Most of the team hadn’t played in the NCAA tournament before. None had played an NCAA tournament game at home before. It was a ‘first’ the 2015 Tigers wouldn’t forget.
“To see us thrive in that environment, I’m comfortable to say that I bet any player you ask who played during that game and in subsequent years would say that was probably the best experience of their career,” Driscoll said. “In fact, I think I remember Jesse McDonough saying the same thing, how much she remembered that game and what it meant to her.”
Princeton got the chance to advance, and though the Tigers’ second-round opponent would be a California team, whether it’d be Cal State Fullerton or an 11th-ranked USC team that would go on to win the NCAA title in 2016 wasn’t clear until penalty kicks decided that first-round matchup. Following a 3-3 tie, USC ended up advancing in PKs, 4-3, drawing Princeton in a game to be played at the University of Virginia.
It wasn’t Princeton’s day. USC scored in the 12th minute, in the 23rd minute, and in the 44th minute in a 3-0 Trojans win.
“I think for me, that was a real big eye-opener,” Driscoll said. “I think we as a staff worried a lot about the abilities of USC and their quality all over the field and probably gave ourselves a little less credit than we probably could have in terms of how we could have played. We actually adjusted our formation a little bit, and although we hit the crossbar first in that game and had the first real chance to score, we came a little bit unraveled toward the end of the first half, and they scored that late goal to just really make it difficult for us.”
It didn’t result in a win that day, but over the course of the season, the questions that came up before the 2015 season began to get answers.

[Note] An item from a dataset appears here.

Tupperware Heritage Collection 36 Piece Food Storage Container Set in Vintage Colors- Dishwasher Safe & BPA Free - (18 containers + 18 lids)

Lussi won her second Ivy League Offensive Player of the Year award, becoming the second Tiger women’s soccer player to win two Ivy Player of the Year honors alongside Esmeralda Negron ’05. She was an All-America honoree for the first time. Asom was the Ivy’s Rookie of the Year. Driscoll was the Ivy Coach of the Year. Six Tigers earned All-Ivy honors, and for three of those Tigers, it was their first such honor.
Tiger fans, of course, know how things continued from there. Tyler Lussi graduated as Princeton’s all-time leading goal scorer and point scorer, breaking Negron’s 12-year-old records. Two years later, Asom finished as Princeton’s third-leading goal scorer and point scorer, right behind Negron in both categories.
Those who were freshmen on the 2015 team – including Asom – would win three Ivy titles and make three NCAA tournament appearances during their career, including the 2017 run that saw Princeton stun North Carolina and make the NCAA quarterfinals.
“I do think that (USC) game and that experience and that moment carried us forward into what became an unbelievable 2017 season a year removed,” Driscoll said. “In 2016, we started off really well and had a great out-of-conference record and then we stumbled during the league, but I think the two years of that experience in 2015 of really getting that awesome experience of winning a game and then going down to UVA and playing against USC, a top-15 opponent at the time, and seeing that we could play with them, although we didn’t have our best day that day, and then taking that into 2016 and falling a little bit short, I think those two seasons put together a real desire for the team to be even that much better, and an awareness and an understanding that they could compete with some of the best teams in the country. I don’t think that it’s a mistake that in 2017, they had a run when you look back at those two years and what they learned from those experiences.”
Five years later, that first-year coach has three Ivy League Coach of the Year honors to his credit, and Driscoll’s 59 wins stand second in program history only to his predecessor Shackford’s 203. The program’s eighth Ivy League title has become 10, what was a streak of four winning seasons at that time has become eight, and what was already a large family of Princeton women’s soccer alumnae who have experienced and added to that history has only grown.